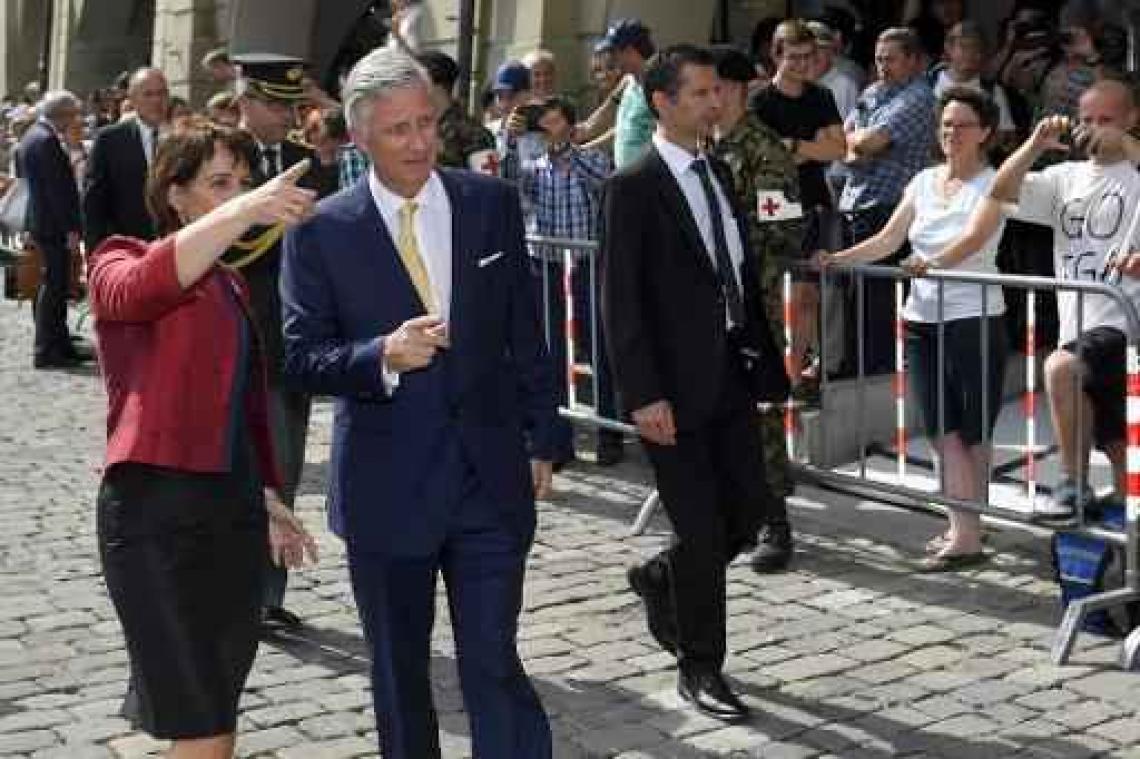 Koning Filip en Belgische delegatie leren in Zwitserland over "leren en werken"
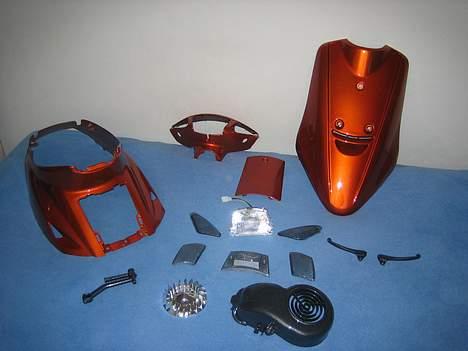 Yamaha jog fs..  SOLGT!!  - her er så alle mine nye dele. . men der kommer meget mere endnu.. og regner også med et anlæg på et tidspunkt.. billede 6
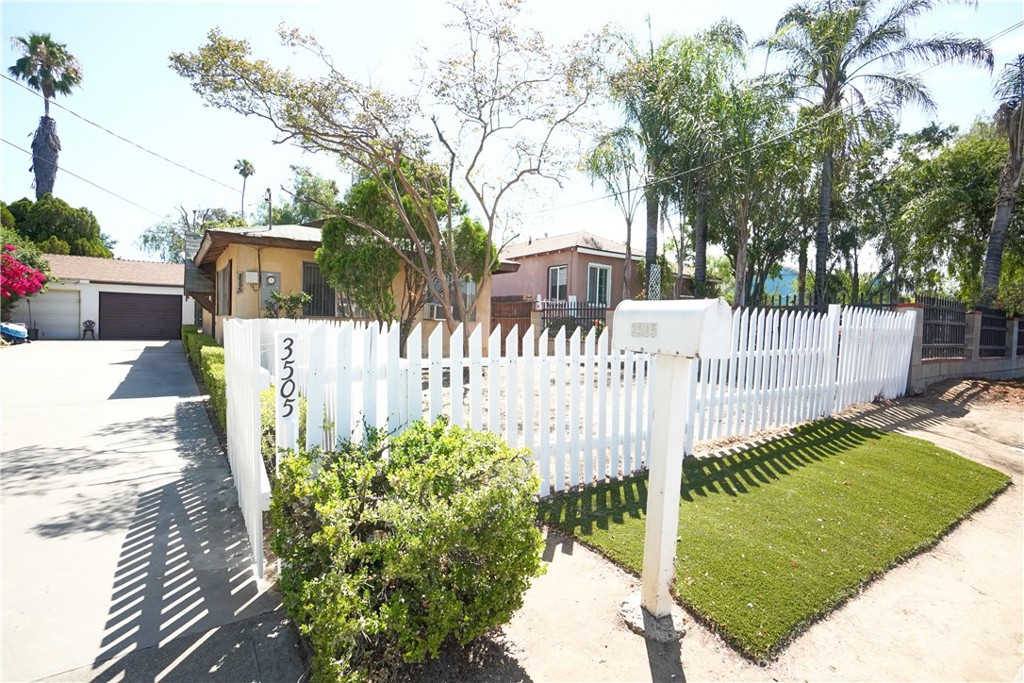 3505 Mckinley Property Photo 1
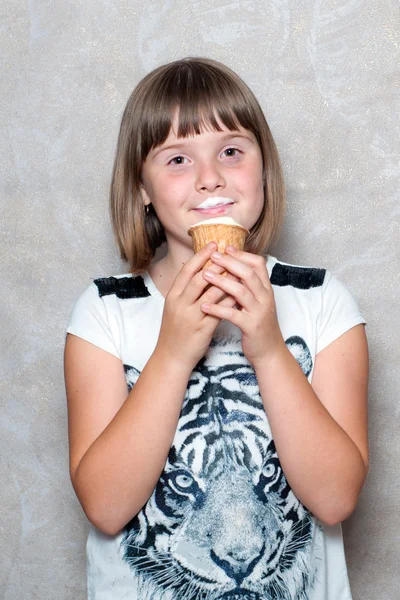 Girl eats ice cream — Stock Photo, Image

--------------------

-- WORK TASK --
Repeat the material exactly. Any picture in it should be dropped.

-- TASK RESPONSE --
 Koning Filip en Belgische delegatie leren in Zwitserland over "leren en werken"
 Yamaha jog fs..  SOLGT!!  - her er så alle mine nye dele. . men der kommer meget mere endnu.. og regner også med et anlæg på et tidspunkt.. billede 6
 3505 Mckinley Property Photo 1
 Girl eats ice cream — Stock Photo, Image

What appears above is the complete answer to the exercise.